### About this exercise
Print the listing exactly as it stands, and skip any pictures in it.

### Stored data
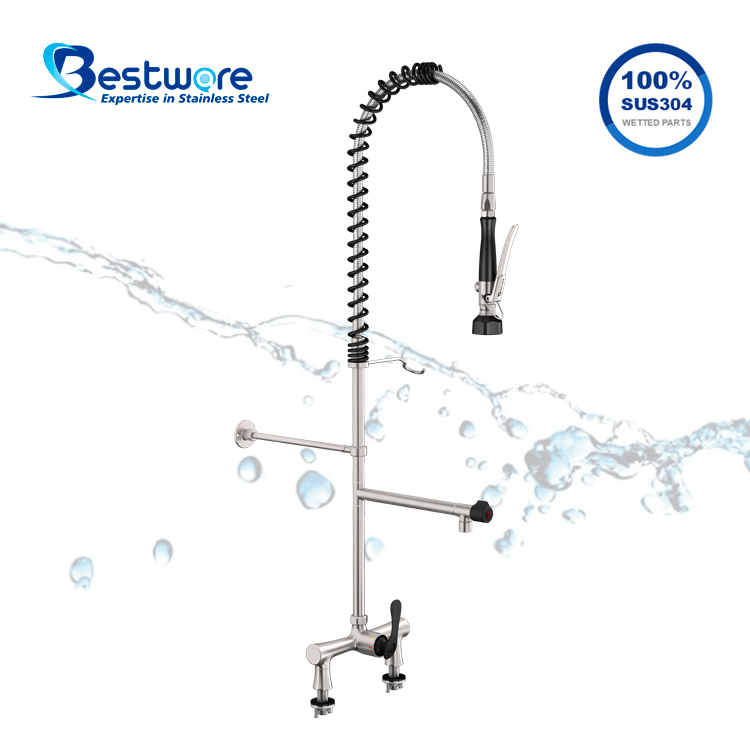 Affordable Luxury Streamlined Style High-grade Stainless Steel Hot and Cold Pre Rinse Faucet - Dual Holes Deck Mount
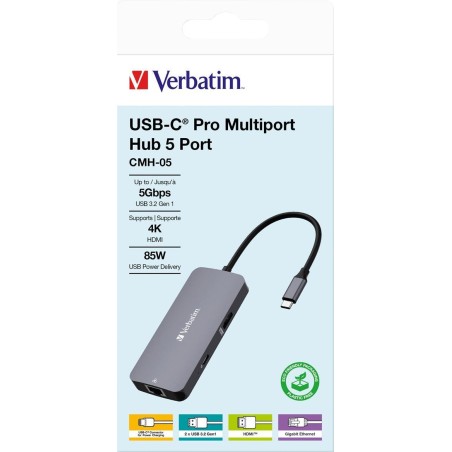 Verbatim CMH 05 Hub - 5-Port USB Hub for Ultimate Connectivity | Fast & Reliable Data Transfer - Product Code: 0023942321507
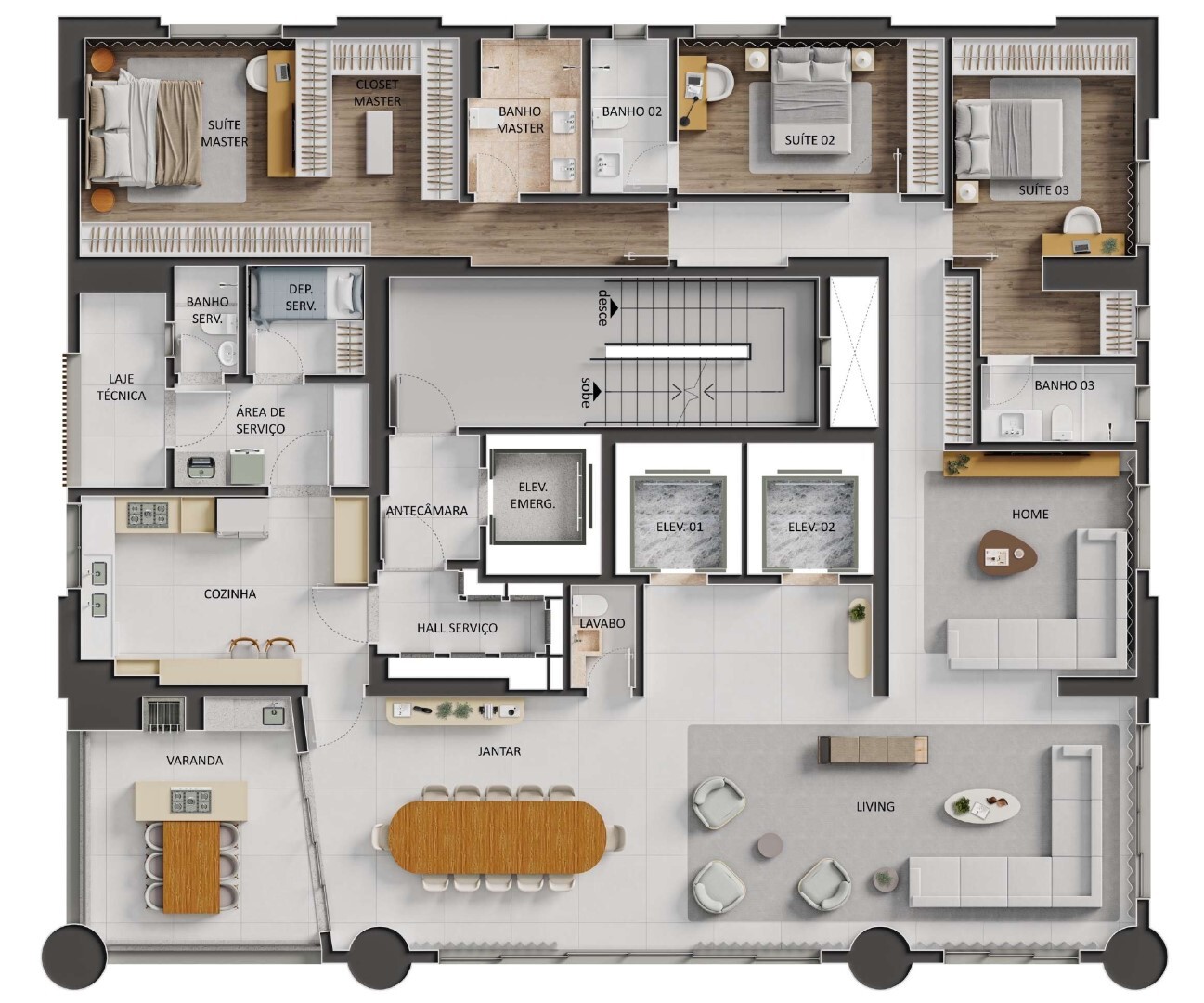 Planta 02 - 3 dorm 280m² - opção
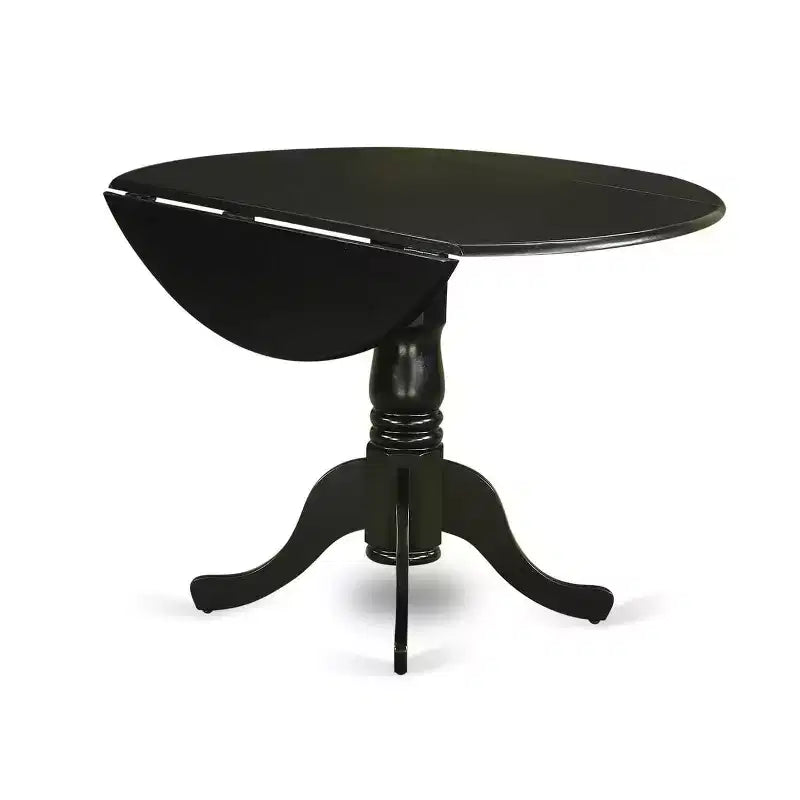 HomeStock Round Kitchen Dining Set Black Button Tufted Style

### Written answer
 Affordable Luxury Streamlined Style High-grade Stainless Steel Hot and Cold Pre Rinse Faucet - Dual Holes Deck Mount
 Verbatim CMH 05 Hub - 5-Port USB Hub for Ultimate Connectivity | Fast & Reliable Data Transfer - Product Code: 0023942321507
 Planta 02 - 3 dorm 280m² - opção
 HomeStock Round Kitchen Dining Set Black Button Tufted Style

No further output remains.